Direktur Diplomasi Publik Kemlu RI, Ani Nigeriawati. Foto: Metrotvnews.com
Muhammad Reyhansyah • 27 November 2025 16:21
Jakarta: Kementerian Luar Negeri RI resmi membuka kembali Dialog Lintas Agama dan Lintas Budaya (DLALB) Indonesia–Uni Eropa di Jakarta, Kamis, 27 November 2025, setelah vakum selama 13 tahun.
Pengaktifan kembali forum ini diputuskan dalam Indonesia–EU Human Rights Dialogue 2024, menyusul kebutuhan mendesak untuk memperkuat toleransi, moderasi beragama, dan pemahaman lintas budaya di tengah meningkatnya tantangan global.

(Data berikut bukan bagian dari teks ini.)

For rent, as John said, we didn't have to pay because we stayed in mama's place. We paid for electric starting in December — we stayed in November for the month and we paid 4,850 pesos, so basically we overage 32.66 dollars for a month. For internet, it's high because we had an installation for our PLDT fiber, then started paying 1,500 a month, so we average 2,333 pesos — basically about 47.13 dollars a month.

Direktur Diplomasi Publik Kemlu RI, Ani Nigeriawati, menegaskan bahwa kebangkitan dialog ini menjadi momentum penting bagi hubungan kedua pihak.

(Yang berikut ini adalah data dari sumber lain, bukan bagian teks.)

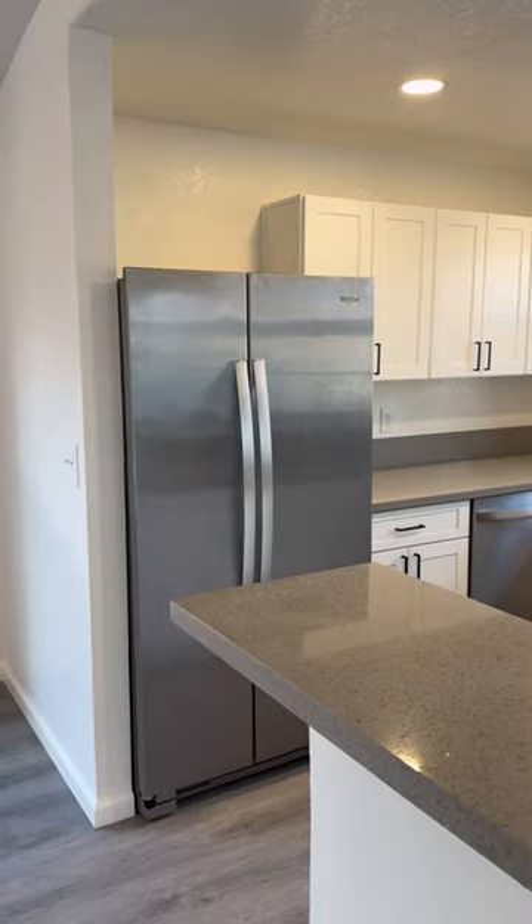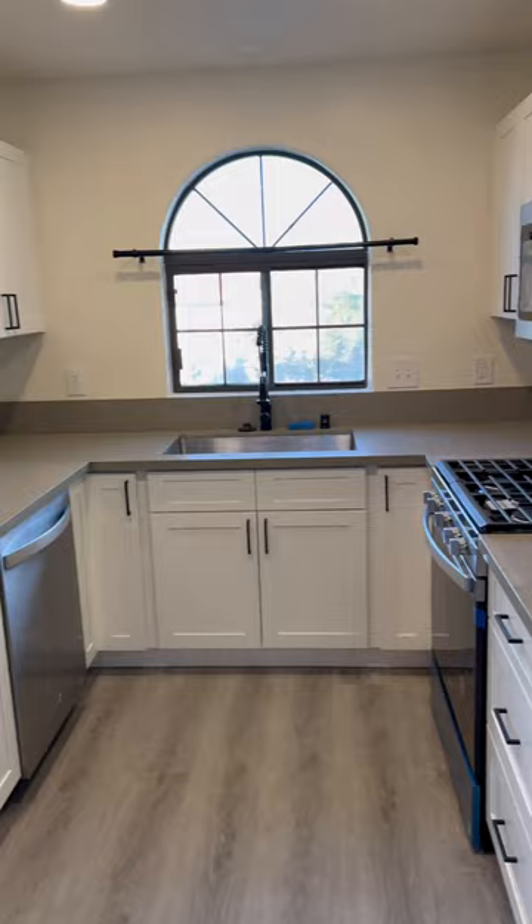Hey guys, 1415 Santa Marta Rita Unit H. Quick look at the kitchen.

“Kami percaya bahwa dialog interfaith dan intercultural sangat penting untuk konektivitas masyarakat kita, untuk berbagi pengertian tentang koeksistensi damai, dan juga latihan moderasi agama di Indonesia,” ujarnya dalam sesi doorstop.
Ia menekankan bahwa Indonesia dan Uni Eropa memiliki nilai yang sejalan dalam merawat keberagaman dan menjaga harmoni sosial.
Dialog yang berlangsung hingga 1 Desember ini diselenggarakan di Jakarta dan Yogyakarta, dengan menghadirkan pembicara dari Indonesia, Jerman, dan Prancis.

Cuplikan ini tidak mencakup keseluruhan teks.